Currently with a multisegment object, we have several places where we can leave unfinished or broken objects:
- if upload process will be stopped, because of an error or canceling, when one or more segments are already uploaded we can become zombie segments.
- if delete process will be stopped, because of an error or canceling, when one or more segments are already deleted we can have an object with an incomplete number of segments.
- in the past we had a bug where error during deleting segments from nodes was interrupting deleting segment from satellite, and we have segments available on satellite but not on storage node.
- deleted bucket can leave all objects inaccessible ???
- deleted project can leave all objects inaccessible ???
We need a system for identifying objects with missing segments, and zombie segments that are not listed as part of objects, that cleans up those segments.
In the long term, the metainfo refactor will fix this. We need a short term solution.
How detect zombie segment:
- segment doesn't have corresponding last segment (
l
) Note: Exception from this case are segments that are part of object that is currently uploaded. For time of uploading all object segments have indexess0..sN
but at the end of upload (CommitObject
) segmentsN
is renamed (delete
andput
) to last segment (l
). - segment where index is greater than 0 but any previous segment is missing
- last segment (
l
) where unencrypted number of segments is greater than 0 but rest of segments are missing or number of existing segments is different from stored value
Different kind of bad segment is a case where all segments are available on satellite but were deleted from storage nodes.
We should create two cli commands. One for detecting bad segments, second one for deleting segments reported by first comamnd.
The first command for detecting bad segments should iterate over pointerDB and verify each segment. The command should allow specifying flags like DB connection string, and how old segments should be verified. During processing, segment should be assigned to a struct that will collect segments from the same object. All segments from an object where at least one segment is not old enough should be skipped. When the last segment (l
) will be reached or iteration will be finished each object will be checked if it contains all segments (according to rules from the beginning of this part). If yes, then helper struct will be removed from memory. If not, then all related segments should be printed out. Each entry in such a report should contain segment path, creation/modification date. This command should be ONLY executed against pointerDB snapshot to avoid problems with constant changes in the production database.

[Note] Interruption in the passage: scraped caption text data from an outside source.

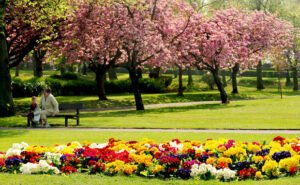spring4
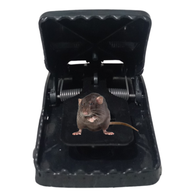 Mouse Killer Trap (5×3×3 inches)_img_0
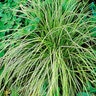 Carex Oshimensis Gold Strike Japanese Sedge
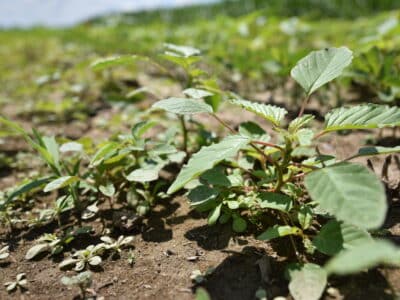 Palmer amaranth seedlings. (Photo credit: Claudio Rubione, GROW)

The second command for deleting bad segments should use the result of first command. The command should allow specifying flags like DB connection string, file with results from the first command, and dry run mode. Each reported segment should be verified if it's not changed since detection report was done. If segment was not changed it should be deleted from pointerDB. Verification and deletion should be done as atomic operation to avoid race conditions. Command should print the report at the end: number of deleted segments, number of segments skipped because of being newer than reported, skipped segments paths. Execution with dry run flag should only print results but without deleting segments from the database. This command should be executed against production database.
- deal with segments inaccessible because of bucket deletion
- deal with segments inaccessible because of project deletion
Code should be placed in package cmd/segment-reaper
. The first command for detecting bad segments should be named detect
. The second command for deleting bad segments should be named delete
.
Implementation can incorporate metainfo.PointerDB
and Iterate
method to go over all segments in DB.
Proposal for keeping segments structures:
// key will represent projectID/bucketName/encryptedPath
map[string]Object
type Object struct {
// big.Int represents a bitmask of unlimited size
segments big.Int
// if skip is true segments from object should be removed from memory when last segment is found
// or iteration is finished,
// mark it as true if one of the segments from this object is newer then specified threshold
skip bool
}
Output of segment-reaper detect
command should be CSV with list of segments. Each row will contain project ID, segment index, bucket name, encoded encrypted path (encoded with base64 or base58) and creation/modification date. Encrypted path should be encoded to avoid printing invalid characters.
Example:
projectID;segmentIndex;bucketName;encoded(encrypted_path1);creation_date
projectID;segmentIndex;bucketName;encoded(encrypted_path2);creation_date
projectID;segmentIndex;bucketName;encoded(encrypted_path3);creation_date
Two major steps for deleting segment is verification if the segment is newer than detected earlier and delete segment in one atomic operation. For deleting segment we should use CompareAndSwap
method. Sample code:
// read the pointer
pointerBytes, pointer, err := s.GetWithBytes(ctx, []byte(path))
if err != nil {
return err
}
// check if pointer has been replaced
if !pointer.GetCreationDate().Equal(creationDateFromReport) {
// pointer has been replaced since detection, do not delete it.
return nil
}
// delete the pointer using compare-and-swap
err = s.DB.CompareAndSwap(ctx, []byte(path), pointerBytes, nil)
if storage.ErrValueChanged.Has(err) {
// race detected while deleting the pointer, do not try deleting it again.
return nil
}
if err != nil {
return err
}
- how detect segments deleted from storage nodes but existing on satellite?
- should we try also to delete zombie segments from storage nodes or leave it for garbage collection?